*** Opening Input ***
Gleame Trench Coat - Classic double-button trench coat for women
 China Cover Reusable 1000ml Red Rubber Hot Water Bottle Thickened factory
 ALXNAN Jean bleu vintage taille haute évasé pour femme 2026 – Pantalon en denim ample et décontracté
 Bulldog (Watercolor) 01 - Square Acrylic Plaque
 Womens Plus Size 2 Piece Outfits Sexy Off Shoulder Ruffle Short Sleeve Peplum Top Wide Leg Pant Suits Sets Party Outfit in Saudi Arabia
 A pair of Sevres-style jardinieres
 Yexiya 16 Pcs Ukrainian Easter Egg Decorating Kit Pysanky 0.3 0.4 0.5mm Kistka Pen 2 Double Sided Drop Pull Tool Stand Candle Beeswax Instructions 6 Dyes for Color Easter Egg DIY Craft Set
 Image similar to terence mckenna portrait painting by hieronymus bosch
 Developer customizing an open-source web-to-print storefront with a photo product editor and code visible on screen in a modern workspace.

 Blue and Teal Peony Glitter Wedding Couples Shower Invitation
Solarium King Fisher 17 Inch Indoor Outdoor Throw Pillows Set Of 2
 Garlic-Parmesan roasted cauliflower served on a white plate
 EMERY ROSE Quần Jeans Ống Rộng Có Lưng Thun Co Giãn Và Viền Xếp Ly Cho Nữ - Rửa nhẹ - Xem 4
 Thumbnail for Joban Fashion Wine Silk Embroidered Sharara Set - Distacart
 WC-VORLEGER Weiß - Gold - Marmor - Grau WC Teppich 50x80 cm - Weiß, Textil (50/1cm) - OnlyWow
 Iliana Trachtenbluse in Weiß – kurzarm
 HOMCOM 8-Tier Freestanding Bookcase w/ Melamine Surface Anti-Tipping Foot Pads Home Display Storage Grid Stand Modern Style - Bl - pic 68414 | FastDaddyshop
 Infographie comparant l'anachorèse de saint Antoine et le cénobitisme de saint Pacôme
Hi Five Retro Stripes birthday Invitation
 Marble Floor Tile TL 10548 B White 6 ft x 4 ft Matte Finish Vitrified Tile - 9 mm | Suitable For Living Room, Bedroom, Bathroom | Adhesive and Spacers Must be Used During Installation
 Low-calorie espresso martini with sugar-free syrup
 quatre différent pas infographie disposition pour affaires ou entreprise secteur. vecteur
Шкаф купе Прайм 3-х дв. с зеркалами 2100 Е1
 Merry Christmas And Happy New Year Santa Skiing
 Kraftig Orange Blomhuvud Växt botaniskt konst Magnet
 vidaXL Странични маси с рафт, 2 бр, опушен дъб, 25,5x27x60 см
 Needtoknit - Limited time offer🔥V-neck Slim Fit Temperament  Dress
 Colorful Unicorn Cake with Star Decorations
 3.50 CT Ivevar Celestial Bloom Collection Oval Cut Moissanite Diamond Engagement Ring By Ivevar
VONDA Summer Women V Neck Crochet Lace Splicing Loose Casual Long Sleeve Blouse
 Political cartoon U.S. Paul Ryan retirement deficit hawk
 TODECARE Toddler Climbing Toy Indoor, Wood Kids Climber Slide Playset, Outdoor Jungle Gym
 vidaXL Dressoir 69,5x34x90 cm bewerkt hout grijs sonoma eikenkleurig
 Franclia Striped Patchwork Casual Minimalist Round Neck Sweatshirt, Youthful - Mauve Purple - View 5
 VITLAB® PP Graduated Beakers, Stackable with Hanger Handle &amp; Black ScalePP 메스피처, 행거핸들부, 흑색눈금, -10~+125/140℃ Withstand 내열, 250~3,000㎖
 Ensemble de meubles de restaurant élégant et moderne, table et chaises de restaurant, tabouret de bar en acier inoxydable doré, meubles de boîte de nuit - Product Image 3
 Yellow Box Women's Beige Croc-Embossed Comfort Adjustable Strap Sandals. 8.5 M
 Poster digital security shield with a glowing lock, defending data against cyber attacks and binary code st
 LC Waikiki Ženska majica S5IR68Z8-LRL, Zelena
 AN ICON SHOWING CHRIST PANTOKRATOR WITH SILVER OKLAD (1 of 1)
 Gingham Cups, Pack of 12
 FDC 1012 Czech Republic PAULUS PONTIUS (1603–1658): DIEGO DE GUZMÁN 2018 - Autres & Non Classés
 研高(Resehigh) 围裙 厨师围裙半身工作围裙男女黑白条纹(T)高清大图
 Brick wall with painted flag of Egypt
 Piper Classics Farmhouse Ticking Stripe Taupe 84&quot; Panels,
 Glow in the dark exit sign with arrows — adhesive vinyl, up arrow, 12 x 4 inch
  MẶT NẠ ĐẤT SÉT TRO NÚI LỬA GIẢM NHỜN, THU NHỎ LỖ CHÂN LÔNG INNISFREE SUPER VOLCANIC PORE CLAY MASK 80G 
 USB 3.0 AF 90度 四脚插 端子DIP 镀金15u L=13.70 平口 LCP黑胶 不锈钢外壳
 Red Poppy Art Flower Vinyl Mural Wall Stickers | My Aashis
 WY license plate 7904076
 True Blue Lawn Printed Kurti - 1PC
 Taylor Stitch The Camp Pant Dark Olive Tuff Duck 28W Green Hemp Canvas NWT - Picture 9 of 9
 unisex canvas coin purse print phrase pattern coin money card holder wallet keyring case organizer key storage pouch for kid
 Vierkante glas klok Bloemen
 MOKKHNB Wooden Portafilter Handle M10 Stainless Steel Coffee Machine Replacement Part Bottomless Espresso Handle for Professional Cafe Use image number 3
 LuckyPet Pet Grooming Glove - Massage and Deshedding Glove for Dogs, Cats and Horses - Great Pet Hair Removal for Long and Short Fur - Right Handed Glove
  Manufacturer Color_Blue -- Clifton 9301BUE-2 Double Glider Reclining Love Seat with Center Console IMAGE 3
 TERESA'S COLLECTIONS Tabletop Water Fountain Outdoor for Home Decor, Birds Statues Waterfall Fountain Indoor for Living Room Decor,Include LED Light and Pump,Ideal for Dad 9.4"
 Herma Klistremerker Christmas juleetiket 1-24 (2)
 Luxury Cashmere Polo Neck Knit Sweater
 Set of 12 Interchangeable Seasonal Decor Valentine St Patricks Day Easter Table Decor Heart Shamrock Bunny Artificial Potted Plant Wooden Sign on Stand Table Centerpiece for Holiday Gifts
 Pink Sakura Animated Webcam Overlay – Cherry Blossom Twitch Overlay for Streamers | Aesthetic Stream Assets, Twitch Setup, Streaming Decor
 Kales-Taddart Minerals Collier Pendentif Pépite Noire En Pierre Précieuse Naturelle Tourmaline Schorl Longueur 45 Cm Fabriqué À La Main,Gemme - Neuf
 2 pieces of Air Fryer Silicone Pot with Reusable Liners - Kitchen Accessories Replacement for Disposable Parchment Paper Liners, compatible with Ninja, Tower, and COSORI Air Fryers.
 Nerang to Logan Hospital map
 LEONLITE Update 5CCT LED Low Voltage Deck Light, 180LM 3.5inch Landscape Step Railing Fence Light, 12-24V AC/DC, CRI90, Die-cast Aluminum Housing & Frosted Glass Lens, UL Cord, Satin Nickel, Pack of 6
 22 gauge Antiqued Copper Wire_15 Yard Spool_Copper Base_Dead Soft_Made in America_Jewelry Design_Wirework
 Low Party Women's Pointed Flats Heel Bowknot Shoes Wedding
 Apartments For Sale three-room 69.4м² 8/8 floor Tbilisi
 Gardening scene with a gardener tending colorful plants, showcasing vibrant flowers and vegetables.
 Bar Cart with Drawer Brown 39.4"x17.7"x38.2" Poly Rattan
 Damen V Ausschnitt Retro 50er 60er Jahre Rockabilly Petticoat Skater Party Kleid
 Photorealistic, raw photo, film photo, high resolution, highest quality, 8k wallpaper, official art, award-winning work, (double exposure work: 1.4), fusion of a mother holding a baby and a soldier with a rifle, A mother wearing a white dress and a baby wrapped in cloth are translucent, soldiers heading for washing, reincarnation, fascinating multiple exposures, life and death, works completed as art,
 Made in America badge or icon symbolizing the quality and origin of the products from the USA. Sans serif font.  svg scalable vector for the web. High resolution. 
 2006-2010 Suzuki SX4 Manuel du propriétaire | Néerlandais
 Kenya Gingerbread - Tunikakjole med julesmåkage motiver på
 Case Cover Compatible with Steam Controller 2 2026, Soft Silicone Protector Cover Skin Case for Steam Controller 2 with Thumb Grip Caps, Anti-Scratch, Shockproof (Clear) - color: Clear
*** Closing Input ***
→ What is expected
Using the data above, extract exactly the lines from the one that holds "VITLAB® PP Graduated" to the one that holds "Ensemble de meubles", both ends included, and no others.

→ Answer box
 VITLAB® PP Graduated Beakers, Stackable with Hanger Handle &amp; Black ScalePP 메스피처, 행거핸들부, 흑색눈금, -10~+125/140℃ Withstand 내열, 250~3,000㎖
 Ensemble de meubles de restaurant élégant et moderne, table et chaises de restaurant, tabouret de bar en acier inoxydable doré, meubles de boîte de nuit - Product Image 3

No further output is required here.